-- Opening Marker --
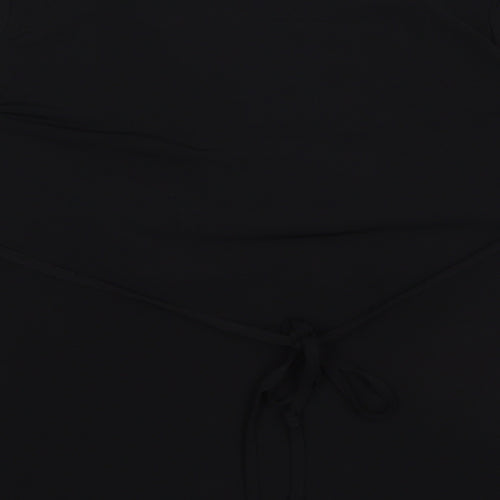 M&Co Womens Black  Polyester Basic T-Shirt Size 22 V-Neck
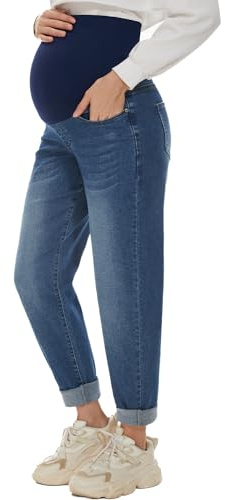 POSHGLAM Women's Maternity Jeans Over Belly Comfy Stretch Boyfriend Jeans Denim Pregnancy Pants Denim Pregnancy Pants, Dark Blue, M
-- Closing Marker --
-- Opening Marker --
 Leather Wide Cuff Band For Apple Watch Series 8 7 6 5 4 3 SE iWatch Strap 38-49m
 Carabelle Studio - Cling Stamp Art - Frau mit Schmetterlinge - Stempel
-- Closing Marker --
▶ _WORK ITEM_:
Only one stretch of the records above is wanted: the lines between the one holding "Leather Wide Cuff" and the one holding "Carabelle Studio - Cling", inclusive, reproduced exactly.

▶ _SOLUTION FOR THIS PROBLEM_:
 Leather Wide Cuff Band For Apple Watch Series 8 7 6 5 4 3 SE iWatch Strap 38-49m
 Carabelle Studio - Cling Stamp Art - Frau mit Schmetterlinge - Stempel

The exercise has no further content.